PARIS (Reuters) - The French government is not objecting to a takeover of French smart chip component maker Linxens by China’s top state chip manufacturer Tsinghua Unigroup Ltd, as it considers the firm to be non-strategic, a finance ministry official said on Thursday.
Tsinghua Unigroup has signed a deal to acquire Linxens for about 2.2 billion euros ($2.6 billion), five people with direct knowledge of the matter told Reuters earlier this week.
France, like other European countries, has moved to tighten takeover rules to protect companies deemed strategic, as it walks a fine line between preserving a surge in investments and preventing its technology from falling into the hands of foreign powers like China.

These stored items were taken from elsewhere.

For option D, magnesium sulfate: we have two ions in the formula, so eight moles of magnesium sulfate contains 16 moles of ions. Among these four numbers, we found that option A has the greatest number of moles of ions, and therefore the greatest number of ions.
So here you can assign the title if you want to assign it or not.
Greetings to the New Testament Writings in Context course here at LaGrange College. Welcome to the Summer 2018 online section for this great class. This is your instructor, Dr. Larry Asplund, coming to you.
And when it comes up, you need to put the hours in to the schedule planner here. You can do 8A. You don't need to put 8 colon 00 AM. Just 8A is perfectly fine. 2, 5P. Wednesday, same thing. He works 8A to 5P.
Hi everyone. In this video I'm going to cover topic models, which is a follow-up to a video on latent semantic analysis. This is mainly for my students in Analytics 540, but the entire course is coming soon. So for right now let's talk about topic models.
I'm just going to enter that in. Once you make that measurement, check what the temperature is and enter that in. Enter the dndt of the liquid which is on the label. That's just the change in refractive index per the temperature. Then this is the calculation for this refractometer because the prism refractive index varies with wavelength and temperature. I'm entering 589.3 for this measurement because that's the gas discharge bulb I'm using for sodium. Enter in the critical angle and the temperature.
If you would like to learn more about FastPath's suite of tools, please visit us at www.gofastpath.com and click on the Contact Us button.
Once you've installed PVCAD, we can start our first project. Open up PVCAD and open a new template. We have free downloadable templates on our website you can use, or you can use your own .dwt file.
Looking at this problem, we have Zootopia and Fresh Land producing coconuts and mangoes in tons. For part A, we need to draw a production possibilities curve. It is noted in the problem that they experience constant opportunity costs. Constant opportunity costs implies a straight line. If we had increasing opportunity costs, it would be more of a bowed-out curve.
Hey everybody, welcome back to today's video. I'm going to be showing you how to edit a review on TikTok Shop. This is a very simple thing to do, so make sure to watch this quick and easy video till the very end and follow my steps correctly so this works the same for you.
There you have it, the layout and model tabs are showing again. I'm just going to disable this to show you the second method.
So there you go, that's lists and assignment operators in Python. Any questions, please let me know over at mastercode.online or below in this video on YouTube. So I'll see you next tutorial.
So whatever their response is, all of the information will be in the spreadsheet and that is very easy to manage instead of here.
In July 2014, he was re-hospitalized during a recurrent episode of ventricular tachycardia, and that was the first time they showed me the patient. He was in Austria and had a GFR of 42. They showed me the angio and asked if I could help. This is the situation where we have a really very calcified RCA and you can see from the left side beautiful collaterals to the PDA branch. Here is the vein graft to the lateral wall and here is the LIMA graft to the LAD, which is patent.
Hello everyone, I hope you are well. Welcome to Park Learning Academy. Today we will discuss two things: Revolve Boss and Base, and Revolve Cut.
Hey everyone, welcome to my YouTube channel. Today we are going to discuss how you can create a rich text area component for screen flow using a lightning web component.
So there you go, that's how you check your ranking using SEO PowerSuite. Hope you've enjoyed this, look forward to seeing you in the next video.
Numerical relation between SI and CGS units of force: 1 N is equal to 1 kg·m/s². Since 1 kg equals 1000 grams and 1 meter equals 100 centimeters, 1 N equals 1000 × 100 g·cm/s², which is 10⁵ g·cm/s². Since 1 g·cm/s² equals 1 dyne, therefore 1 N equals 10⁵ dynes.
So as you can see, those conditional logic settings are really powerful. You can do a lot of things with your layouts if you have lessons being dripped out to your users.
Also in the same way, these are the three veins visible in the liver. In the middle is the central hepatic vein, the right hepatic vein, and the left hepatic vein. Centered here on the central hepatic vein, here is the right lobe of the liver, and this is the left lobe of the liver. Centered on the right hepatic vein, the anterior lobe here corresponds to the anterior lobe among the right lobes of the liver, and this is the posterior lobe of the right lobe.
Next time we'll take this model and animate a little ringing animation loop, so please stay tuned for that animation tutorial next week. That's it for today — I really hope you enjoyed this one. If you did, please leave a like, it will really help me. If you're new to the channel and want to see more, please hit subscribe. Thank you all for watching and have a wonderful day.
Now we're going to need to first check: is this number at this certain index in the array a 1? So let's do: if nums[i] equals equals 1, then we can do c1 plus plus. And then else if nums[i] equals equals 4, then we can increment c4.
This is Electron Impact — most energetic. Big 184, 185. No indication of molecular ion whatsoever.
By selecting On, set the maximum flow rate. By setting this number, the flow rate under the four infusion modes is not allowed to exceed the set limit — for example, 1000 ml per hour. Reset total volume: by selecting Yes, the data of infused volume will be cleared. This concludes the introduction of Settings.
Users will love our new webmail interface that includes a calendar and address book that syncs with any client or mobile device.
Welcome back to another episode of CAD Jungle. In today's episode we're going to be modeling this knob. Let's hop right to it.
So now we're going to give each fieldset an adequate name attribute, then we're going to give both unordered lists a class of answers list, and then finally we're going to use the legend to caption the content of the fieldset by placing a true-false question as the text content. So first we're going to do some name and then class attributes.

But the government will not use a 2014 decree to block the acquisition of Linxens, the French official said, because the company does not make semi-conductors but instead makes the “passive”, non-strategic part of chips.
“France has not blocked anything,” the official told Reuters.
Linxens did not return repeated requests for comments.
Before the Linxens deal, Tsinghua accumulated a stake in Germany’s Dialog Semiconductor Plc (DLGS.DE).
So far this year, China has spent $45.5 billion on European assets, more than double year-ago levels, while its investments in the United States has dropped 75 percent to $1.9 billion, according to Thomson Reuters data.
Linxens, headquartered close to Paris, has 535 million euros in annual sales and employs 3,500 staff at nine production sites globally. It also has offices in China, Singapore and Thailand.